La dificultad se revela cuando se utiliza la posverdad para impulsar reformas sociales. Este ha sido el caso de la actual reforma a la salud: es muy peligroso para una sociedad aceptar cambios extremos como el propuesto por el Gobierno, sobre la base de la muy dudosa y tergiversada evidencia que justifica la reforma. Peor aún, los gravísimos efectos sobre la población de un modelo que no ha sido probado en ninguna parte, diferente a las mentes de los radicales activistas que los impulsan.
Pareció delirante escuchar, la semana pasada en el foro de salud de la Andi, al actual director de la ADRES, expresar con la mayor tranquilidad que el sistema de salud aumentó las inequidades entre la población colombiana. Desafortunadamente no hubo la oportunidad de contra argumentarle sus falacias y creo que ahora está en duda su presencia en un foro académico de la Universidad Externado.
El sistema de salud actual, como lo expresan decenas de investigaciones nacionales e internacionales, ha sido el mayor generador de equidad, gracias al tremendo efecto en acceso a seguros y servicios de los más pobres; así como los efectos indudables en protección financiera de las familias colombianas. El inconveniente que tiene es que es demasiado frágil y extremadamente sensible a la financiación. Cualquier contingencia puede llevarlo muy rápidamente a una crisis sistémica.
Pero el director de la ADRES, literalmente, vive en otro mundo. Un mundo que ya pasó y vivió como funcionario del viejo e inequitativo Instituto de Seguros Sociales (ISS) pero que ya convenientemente no lo recuerda. Ni los años de trabajo en República Dominicana vendiendo el modelo colombiano: ¡sí el de la Ley 100!, tampoco que la organización que dirigió fue socia de una EPS: sí una EPS de ese país. Esto es una muestra donde las verdades y el pragmatismo imperan afuera, pero las posverdades dominan en casa.
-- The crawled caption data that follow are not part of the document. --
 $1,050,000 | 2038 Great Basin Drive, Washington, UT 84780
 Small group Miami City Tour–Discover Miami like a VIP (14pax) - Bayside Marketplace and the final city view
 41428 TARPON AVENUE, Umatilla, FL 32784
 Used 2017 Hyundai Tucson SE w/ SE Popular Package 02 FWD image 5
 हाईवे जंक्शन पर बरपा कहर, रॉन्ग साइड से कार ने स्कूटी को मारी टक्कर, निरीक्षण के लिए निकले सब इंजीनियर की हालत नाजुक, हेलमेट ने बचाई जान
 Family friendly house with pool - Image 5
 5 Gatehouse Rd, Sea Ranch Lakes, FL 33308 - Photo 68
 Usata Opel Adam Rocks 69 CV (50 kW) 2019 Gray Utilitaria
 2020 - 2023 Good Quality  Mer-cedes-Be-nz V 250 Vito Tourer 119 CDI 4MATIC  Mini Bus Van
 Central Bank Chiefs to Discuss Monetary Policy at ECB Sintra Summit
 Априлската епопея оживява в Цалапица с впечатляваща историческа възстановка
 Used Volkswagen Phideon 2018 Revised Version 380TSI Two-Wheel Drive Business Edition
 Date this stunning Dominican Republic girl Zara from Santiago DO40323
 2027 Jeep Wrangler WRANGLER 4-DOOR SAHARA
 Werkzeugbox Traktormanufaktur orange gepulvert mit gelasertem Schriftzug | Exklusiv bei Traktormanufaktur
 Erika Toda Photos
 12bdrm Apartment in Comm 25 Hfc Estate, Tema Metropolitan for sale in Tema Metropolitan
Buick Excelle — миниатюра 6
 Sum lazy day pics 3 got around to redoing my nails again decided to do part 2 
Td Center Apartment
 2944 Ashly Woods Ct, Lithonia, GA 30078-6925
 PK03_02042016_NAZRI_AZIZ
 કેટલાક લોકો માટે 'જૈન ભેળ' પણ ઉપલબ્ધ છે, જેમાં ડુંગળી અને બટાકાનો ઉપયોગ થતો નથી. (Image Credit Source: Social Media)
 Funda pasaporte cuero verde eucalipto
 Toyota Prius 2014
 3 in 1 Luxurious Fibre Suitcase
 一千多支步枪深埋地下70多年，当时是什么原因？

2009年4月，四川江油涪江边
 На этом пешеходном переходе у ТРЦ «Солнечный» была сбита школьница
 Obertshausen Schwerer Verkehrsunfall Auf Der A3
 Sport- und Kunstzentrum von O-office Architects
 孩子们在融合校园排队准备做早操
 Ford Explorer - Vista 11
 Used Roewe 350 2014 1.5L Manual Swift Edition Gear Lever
Ahora bien, cuando el presidente Petro plantea una reforma que aplica igual para el Chocó, el Putumayo, Usaquén, Chapinero, o los barrios populares de las ciudades, en realidad está poniendo en riesgo todo el capital de salud de la población. De antemano niega que más de 45 millones de colombianos tienen un capital de salud, gracias a la adecuada gestión de riesgos del actual sistema.
¿Por qué no deja el sistema actual tal como está y plantea una reforma que resuelva los problemas de los 6 millones de personas, aproximadamente, que tienen deficiencias en el acceso a salud? ¿Por qué no se quiere entender que más que problemas del sistema de salud lo que afecta a esas poblaciones son los determinantes sociales que se deben intervenir desde otros sectores, el medioambiente, los servicios públicos, la educación, el empleo formal?
El presidente es esclavo de una circunstancia: se dejó convencer de unos pocos fundamentalistas que era conveniente iniciar las reformas sociales con una radical reforma de salud, privilegiando la posverdad sobre la verdad. Gracias a ese error político, el gobierno terminó perdiendo la coalición que le permitiría aprobar las demás reformas, varias más urgentes que la de salud, y también terminó perdiendo, en la calle, parte muy importante de su gobernabilidad.
Los próximos días, antes de la siguiente legislatura, serán irremediablemente los días de la verdad. El texto actual de la reforma de salud es un completo galimatías imposible de arreglar. No obstante, podría ser la oportunidad para un acto de grandeza del presidente. Muchos estaríamos dispuestos a una nueva hoja de ruta para una reforma que sigue siendo necesaria.